This was a helpful exercise for me in determining the type of magic I wanted to perform (and in other areas of my life as well). If you're a bit adrift in identifying your focus as a performer, this may be helpful for you as well.
Let's say I ran a matchmaking service (something more one-on-one than my dating service Equestrian Singles). Perhaps I would ask you to give me a list of women you find attractive and would like to date. I might also ask for a list of women you find unattractive and wouldn't want to date. Those would both be useful lists. But I think the most helpful list in identifying a direction to move in would be a list of women you find attractive that you wouldn't want to date. This would help me identify the deal-breakers and the qualities those women had in common that were somehow more significant than your innate attraction to them.
I asked myself a similar question regarding magic: What magicians do I want to fuck?
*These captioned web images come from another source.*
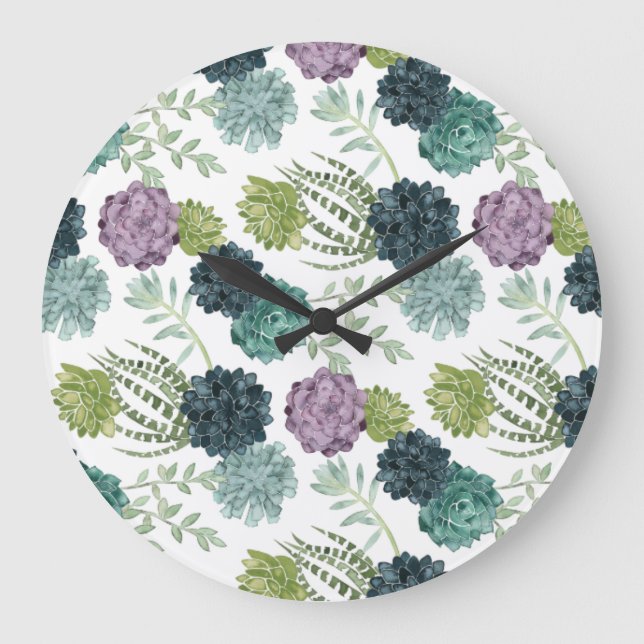 Plant Happiness Collection Succulent Pattern Large Clock (Front)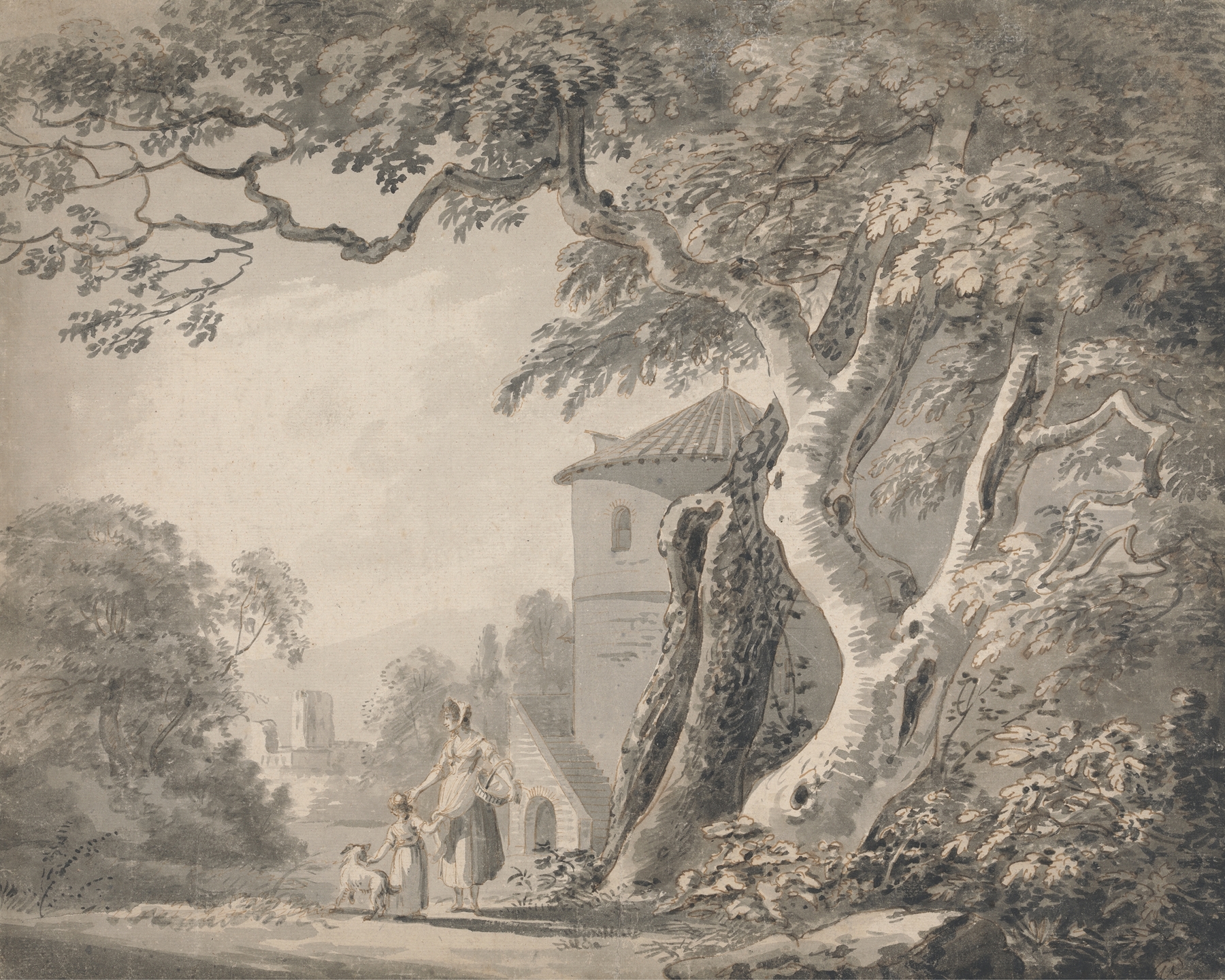 Romantic landscape with figures and a dog, watercolor on paper by Paul Sandby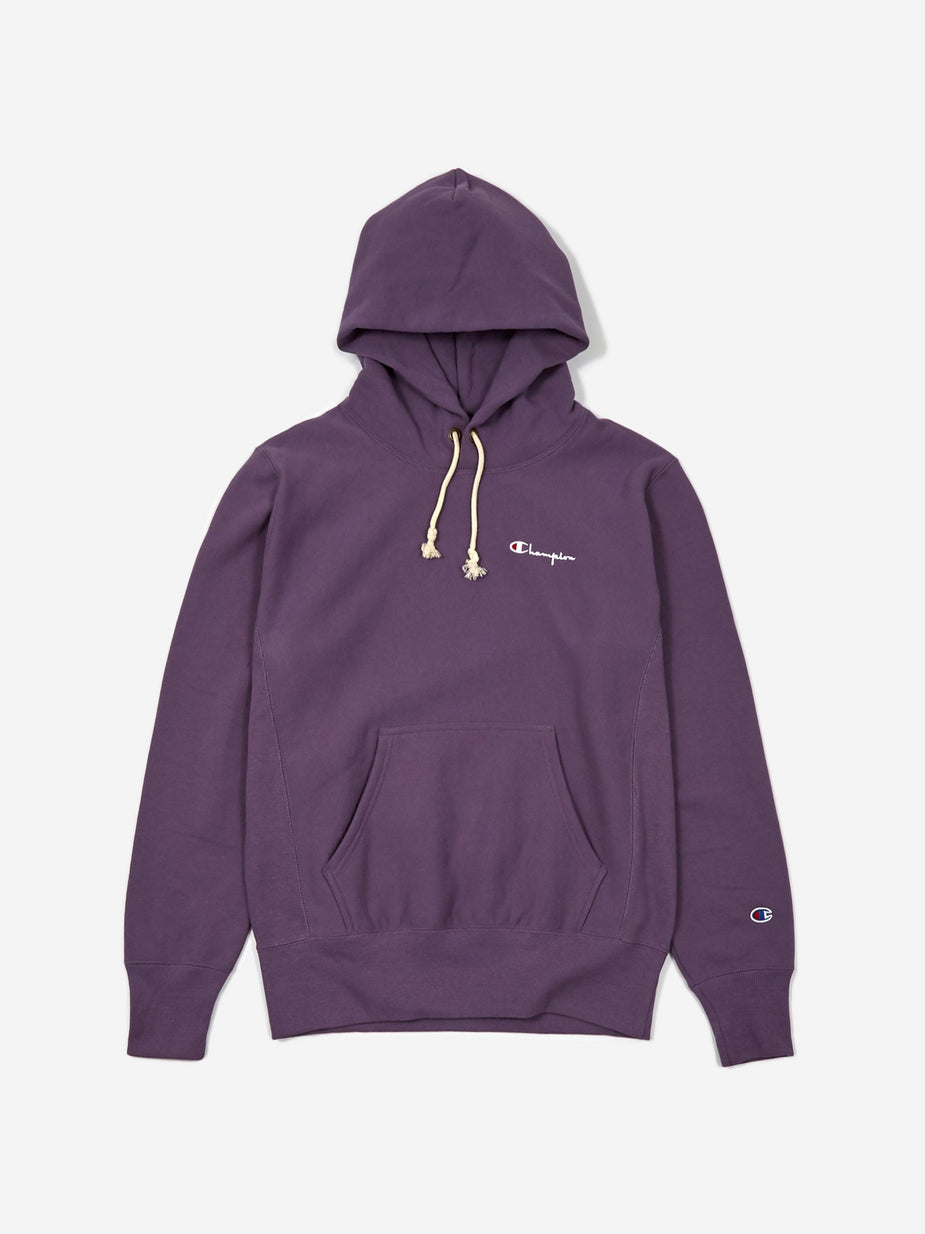 Champion Champion Reverse Weave Small Script Hooded Sweatshirt - Purple - Purple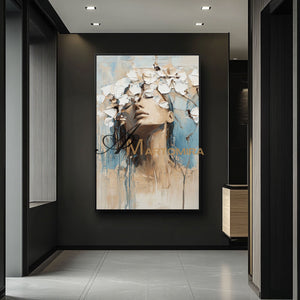Abstract Woman Painting | Blue And White Wall Art | Abstract Painting | Large Canvas Art #AP015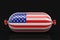 Sausage with USA flag on black clipping path included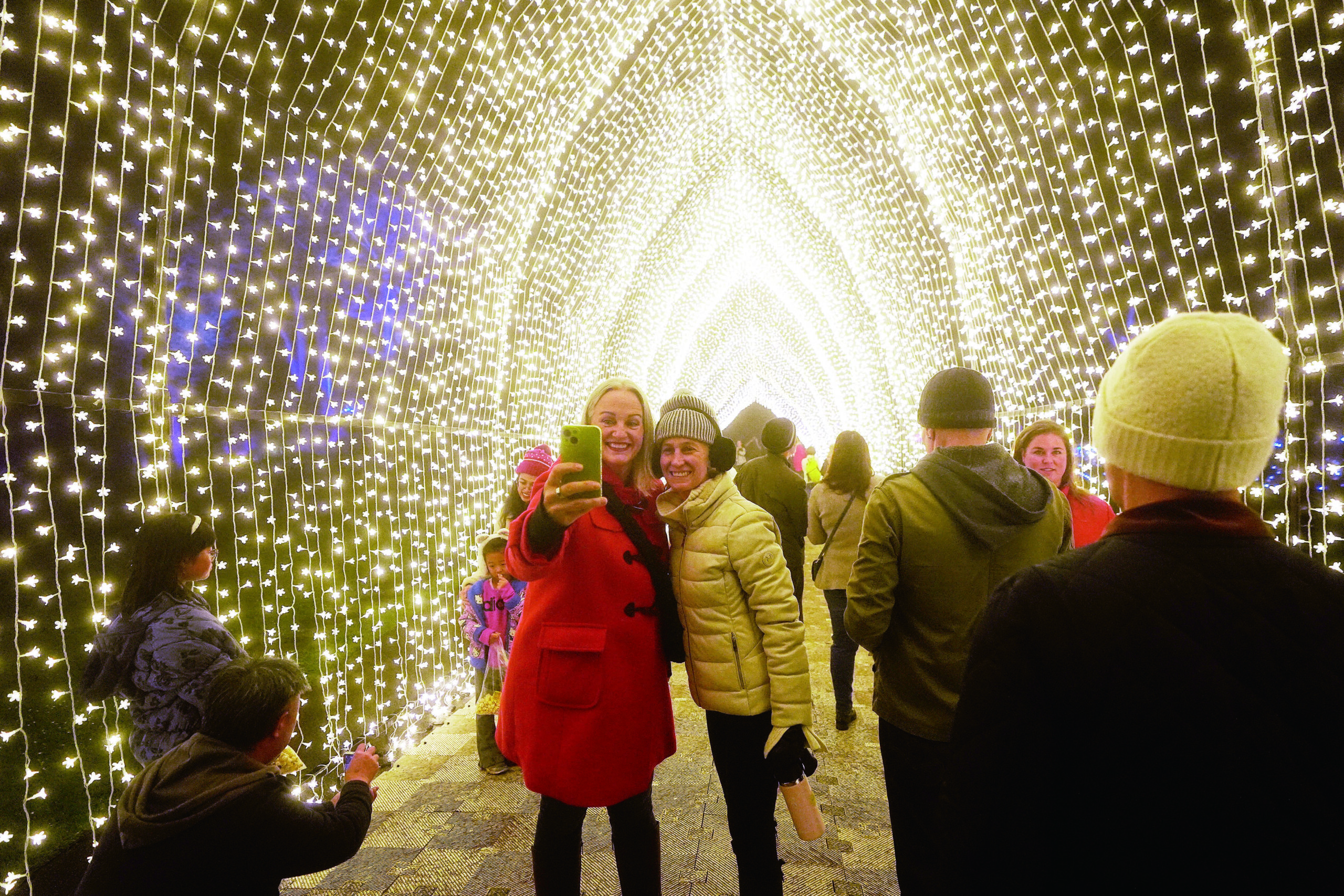 遊人在金門公園內的三藩市植物園參觀Lightscape燈光展拍照留念。美聯社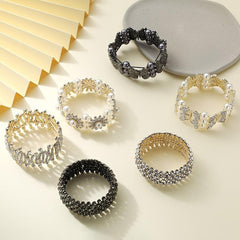 Rhinestone Pearl Hair Tie Elastic Bands Ponytail Holder Headband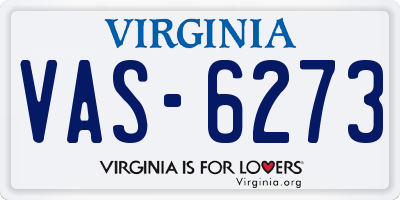 VA license plate VAS6273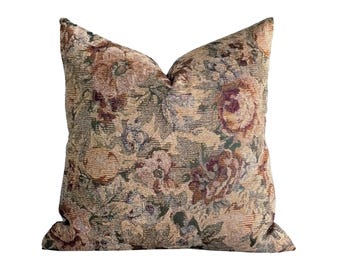 MAGGIE | Designer Floral Tapestry Pillow Cover, Classic Floral Print, Toile Floral Pillow, Tapestry Style Floral Pillow, Muted Floral Pillow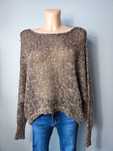 Sweter sweterek oversize brązowy długi rękaw cekiny z cekinami L/XL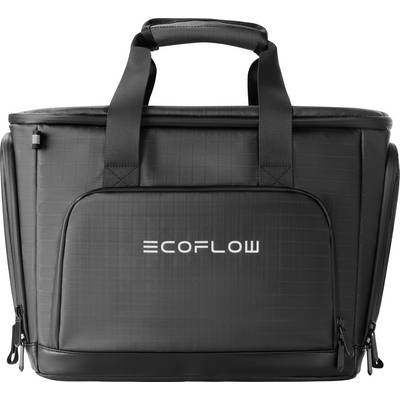 A black EcoFlow carrying bag with handles, featuring a front zippered pocket.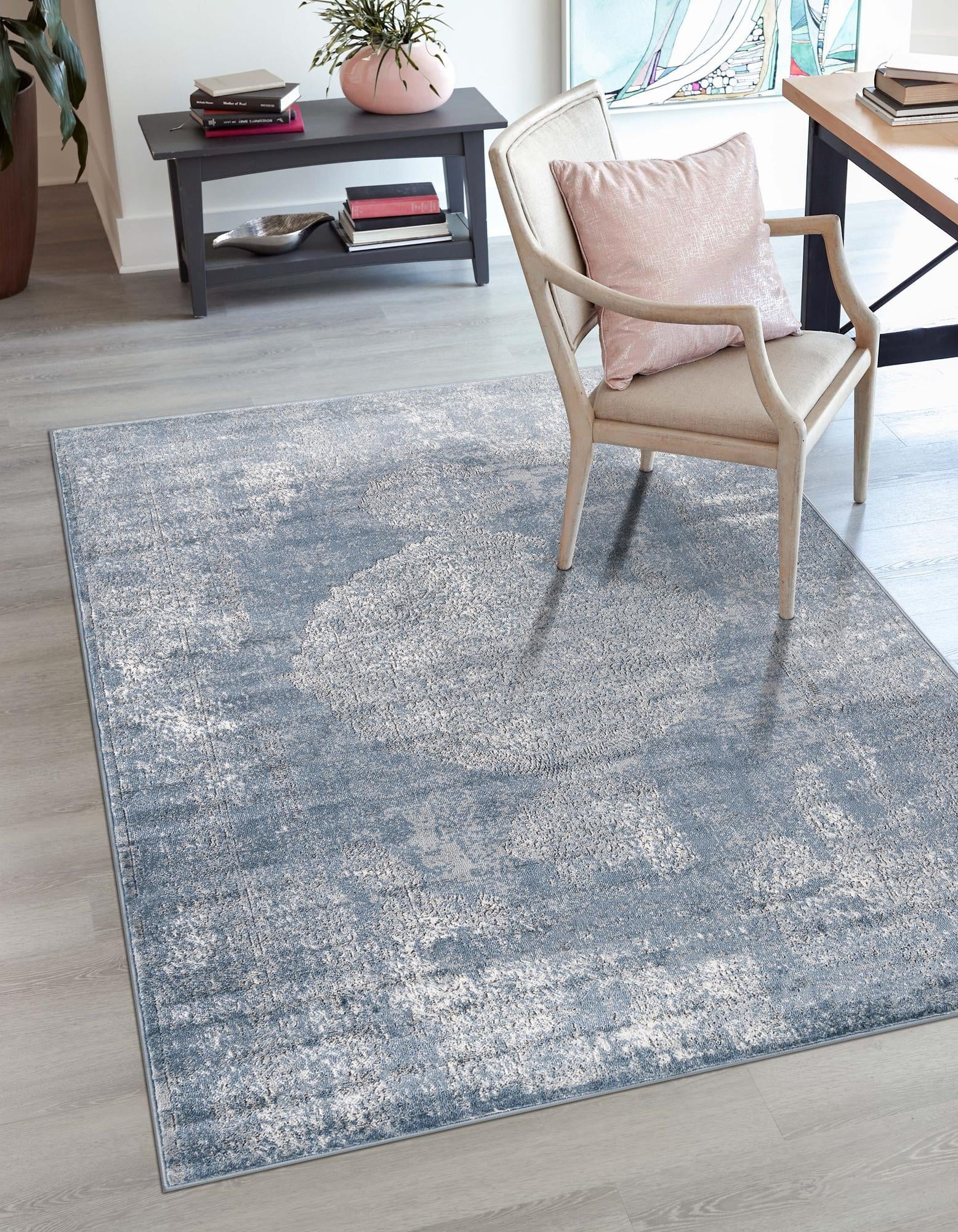 Blue and Ivory Geometric Stain-Resistant Area Rug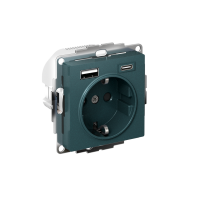 ATLASDESIGN РОЗЕТКА 16А c 2 USB A+C, 5В/2,4А/3,0А, 2х5В/1,5А, механизм, ИЗУМРУД ATN000832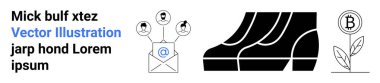 Email connections with user icons, stepping-forward shoes symbolizing progress, and plant with bitcoin coin illustrating cryptocurrency growth. Ideal for business, finance, tech, networking clipart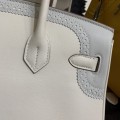 「#4709」 Hermès Birkin Bag Top Grade Lace Leather 30cm Silver Buckle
No, that wasn't the question I asked myself. It was, "Who are the magicians you like watching, and who you think are good performers, but whose style of performance you're not drawn to?"
This first time you ask yourself this question it's obvious and easy. I think of David Copperfield and Penn and Teller and other stage performers. I like their work, but have no interest in performing in that style.
Now I ask myself the question again, but narrow it down by adding in the details of who was included after my the first round. (Stage performers were excluded, close-up performers were included.) So now the question is: Who are the close-up magicians I enjoy watching but wouldn't want to perform in their style myself?
That knocks out a lot of funny and talented performers—in fact, some of my favorite performers. What do they all have in common? They all perform in a highly-scripted, very "professional" manner. That style doesn't interest me. I prefer an unscripted, more natural, casual style.
So I ask it again, but with this new information incorporated. Who are the natural, casual close-up performers I like and who I enjoy watching, but whose style I wouldn't want to mimic in my performances? And the answer to that question for me was people like Dani DaOrtiz, Greg Wilson, and Peter Turner. I like to watch those guys, I think they're talented, and I enjoy their creations. But I wouldn't want to perform in their styles. Why not? What do they have in common?
For me what they all have in common is that their styles are very intense and forceful and almost domineering in a way. Not in a bad way, but just in a way that a lot of their material depends on a quick and animated manipulation of the spectators.
When Dani DaOrtiz forces a card he deals off clumps and spits out words like, "You tell me where to stop. I don't care. Right here? I don't care. You tell me. Ya-dah-dat-dat-dahh. Here? There? Keep going? Stop? You tell me. I no care... I no care."
When Peter Turner is revealing a digit from a cell phone passcode, a verbal stream comes pouring out. "I see you keep people at arms reach. Have two genuine friends, a lot of acquaintances. Just fell out with a friend over the phone a couple of days ago. Which is something you've told no one. It's the number 8." He says all of this in 7 seconds.
When Greg Wilson performs he grabs people by the wrist and shoulder, directs them to where he wants them to be and where he wants them to look. "Stand over here. Look at the pen, look at the coin, look behind my ear." Etc.
Dani is trying to use the pace of his delivery to get you to say stop at a certain point. Peter is trying to get in a lot of vague information along with something he knows is accurate, so when the spectator says "yes" to the number 8, it seems like she's saying yes to what came before as well. Greg is trying to get you used to him being physical with you so he can steal your watch or wallet.
These are all valid techniques but they don't mesh with my preferred style which is beyond relaxed and low-key.
I just don't like anything that feels like me manipulating someone in any way: verbally, psychologically, or physically. You can see that throughout my work. In the JAMM #1, I describe a way to hand someone a bent coin (or any other changed object) without them noticing because I don't even like folding someone's fingers over a coin I place in their hand. 3rd Wave Equivoque and The Reverse Psychology Force were developed as ways to take the pacing of those classic techniques out of the performer's hands and into the spectator's.
My ideal performance dynamic is me curled up on the other end of the couch as you walk though the effect yourself without my apparent manipulation. And what pushed me in that direction was not watching performers I dislike, but watching performers I liked and seeing the things they did that didn't resonate with me. There isn't a ton to learn by watching people whose work you the. And there's probably a limit to what you can get out of emulating the people you love. But there's definitely something to be gained by watching people whose work you respect and admire, and then being propelled by the areas where your ideologies differ.